Do sprawy odnieśli się sami uczestnicy. Stwierdzili, że spotkanie było przypadkowe. Detektyw podkreślił, że mają dobry kontakt, a jego biuro często informuje rzecznika o działaniach, aby nie wchodzili sobie w drogę.
Krzysztof Rutkowski. To on odkrył prawdę o losie Madzi z Sosnowca
Detektyw Rutkowski zyskał ogólnopolską rozpoznawalność dzięki sprawie rzekomego zabójstwa sześcioletniej Madzi z Sosnowca. Przypomnijmy, że wszystko działo się w 2012 roku. Katarzyna Wiśniewska, wracając ze spaceru z córeczką, miała zostać zaatakowana, a dziecko porwane.
Rutkowski po kilku dniach wydobył z dwudziestodwuletniej matki, że do porwania wcale nie doszło, a dziecko zginęło w skutek nieszczęśliwego wypadku. Ostatecznie śledczy dowiedli, że to także była nieprawda, a sześciomiesięczna Madzia została uduszona, za co jej matka trafiła do więzienia na 25 lat.

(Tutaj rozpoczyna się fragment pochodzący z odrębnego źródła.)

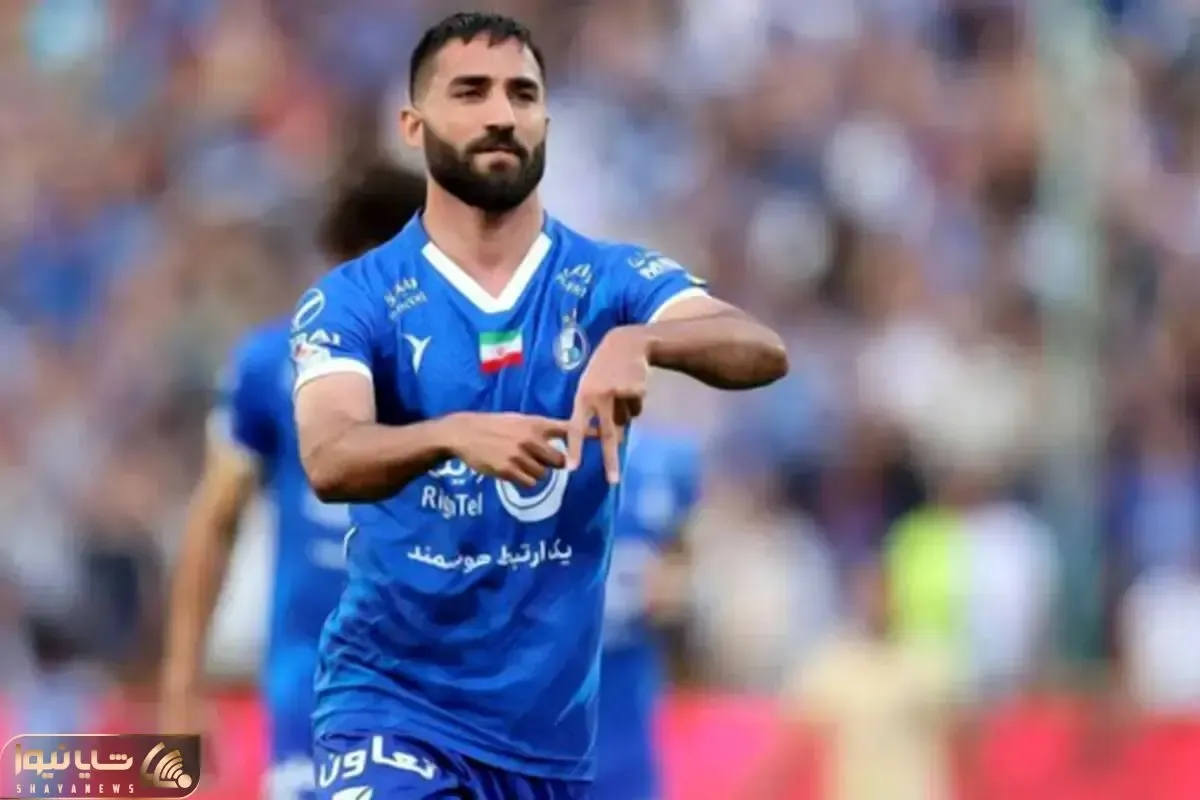 مهاجم استقلال در یک قدمی تراکتور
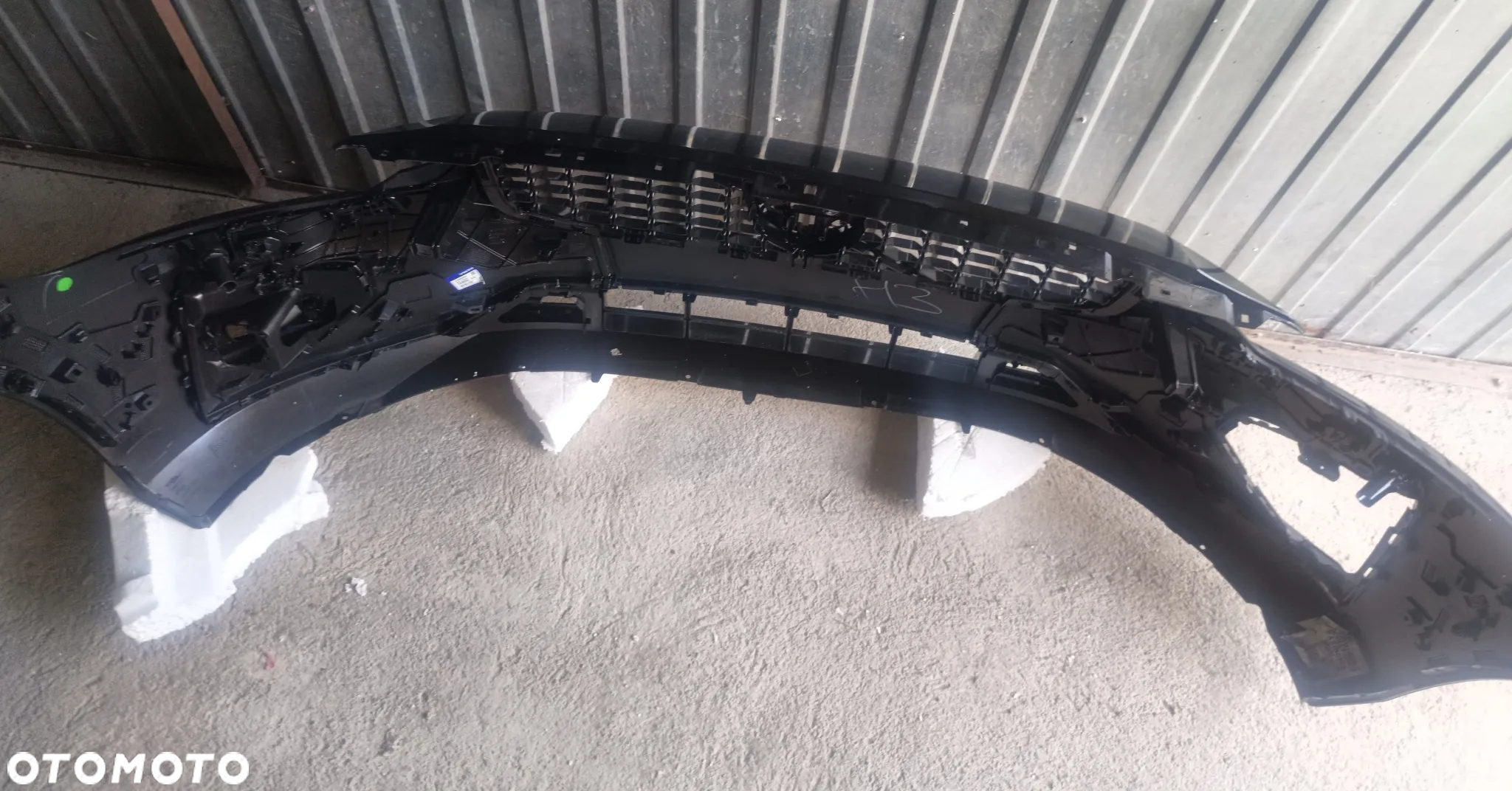 Oryginalny zderzak przód przedni do Volvo V60 II S60 III R-Desingn 31690530 18- - 9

Detektyw nie uniknął też licznych skandali. Został dwukrotnie skazany za dokonanie bezprawnego zatrzymania, a także prowadzenie działalności bez uprawnień. Z kolei w sprawie śląskiej mafii paliwowej udowodniono, że jego firma wystawiła fikcyjne faktury na sumę dwóch i pół tysiąca złotych, a także on sam powoływał się na wpływy w instytucjach państwowych.